Talk length: 60 minutes


Alan Henderson, Abertay University

Avoid Detection: Techniques to Hide Malware
A talk which will cover how anti-virus has improved over the past 10 years, how the software detects malware using signature based detection, heuristic based detection, behavioural based detection and cloud based detection. It will then outline various techniques attackers can use to alter malware in order to bypass anti-virus products and how these techniques can be implemented. It will also briefly touch on the future of how malware could be written and also a brief section on the future of secure coding.

Talk length: 30 minutes


Dr. Jessica Barker, J L Barker ltd

Social Security
A whistle-stop tour of some of the sociological, psychological and philosophical aspects of information security. This talk uses theory, experience and funny videos to look at how individuals do (or don’t) learn and change their behaviours and what this means when it comes to one of the most pressing problems in our industry: human beings.

Talk length: 30 minutes


Adam Rapley, Abertay University

Targeted spear phishing using traditional blanket phishing methods

So, traditional blanket phishing methods are becoming fairly ineffective what with increased user knowledge about these types of attack. The things banks tell you to look for in an email is that it is addressed to you with your full name. What if we were to update all blanket phishing attacks to include personal details. You can trawl twitter for these, pastebin dumps, etc. And have it all automated.

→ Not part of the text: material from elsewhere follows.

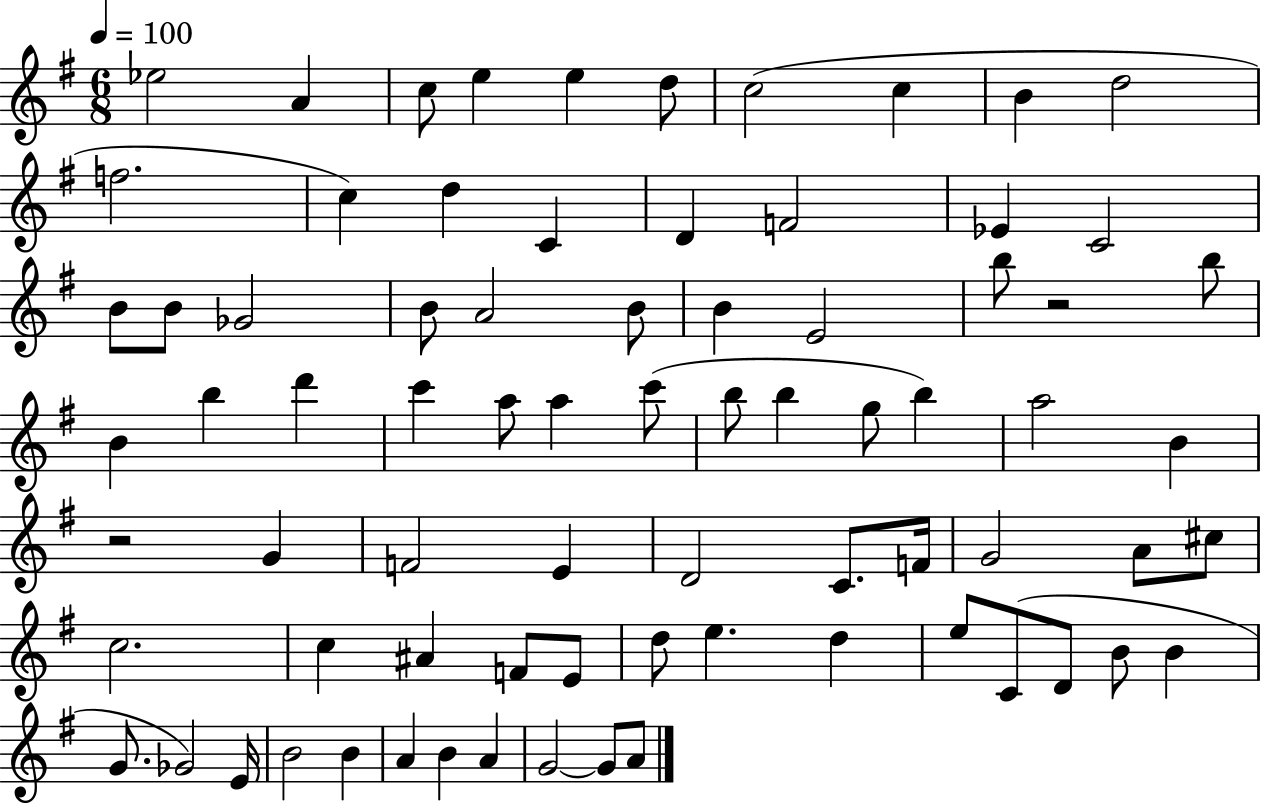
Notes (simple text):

Eb5/h A4/q C5/e E5/q E5/q D5/e C5/h C5/q B4/q D5/h F5/h. C5/q D5/q C4/q D4/q F4/h Eb4/q C4/h B4/e B4/e Gb4/h B4/e A4/h B4/e B4/q E4/h B5/e R/h B5/e B4/q B5/q D6/q C6/q A5/e A5/q C6/e B5/e B5/q G5/e B5/q A5/h B4/q R/h G4/q F4/h E4/q D4/h C4/e. F4/s G4/h A4/e C#5/e C5/h. C5/q A#4/q F4/e E4/e D5/e E5/q. D5/q E5/e C4/e D4/e B4/e B4/q G4/e. Gb4/h E4/s B4/h B4/q A4/q B4/q A4/q G4/h G4/e A4/e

So it takes hardly any more time than a traditional blanket phishing attack, but will likely have a greater click-through rate.

Talk length: 30 minutes


Rory McCune, NCC Group PLC

Security and “Modern” Software Deployment.

Software deployment has moved a long way from the “walk to a shop and buy a physical disk” model that was prevalent in the 90’s. These days entire systems are deployed in the blink of an eye directly from a bewildering array of sources.

This talk will look at why that might cause a problem or two from a security standpoint, where the next wave of pwnage may come from and what you can do to avoid being part of it.

Talk length: 30 minutes


Freaky Clown, Portcullis Computer Security

Robbing banks and other fun tales
An hour or so ramble through how I rob banks for a living using penetration testing techniques and social engineering.

Talk length: 60 minutes


Michael Jack, Abertay University

Comey Crypto

This talk will examine the spread of and subsequent resistance of cryptography by governments, in particular the United States. I will briefly discuss the origins of modern cryptography and follow with the events and actors of the first ‘crypto wars’ before examining the more recent revelations regarding government mass surveillance. In particular we will examine the efforts by intelligence agencies to weaken and subvert public cryptography. The talk will conclude on a slightly more positive note; how can we make mass surveillance harder and some of the mitigations we can employ.

Talk length: 60 minutes


Thom Langford, Sapient

Flushing Away Preconceptions of Risk
Risk is often seen as a dirty word in business. It is a thing that needs to be reduced to nothing, and has no possible good use in an organization, especially a security programme.

This couldn’t be further from the truth. Risk is an inherent part of any business, and yet it is often poorly recognized and leveraged in the security organisation. In this presentation Thom will look at three areas of the risk conundrum to open the veil on the elusive art of understanding and ultimately measuring risk:

The initial interpretation of risk and how it is often misunderstood.
The measurement of risk, and how some systems work and other don’t.
The effective treatment of risk, and how sometimes the obvious thing to do can be the wrong thing to do.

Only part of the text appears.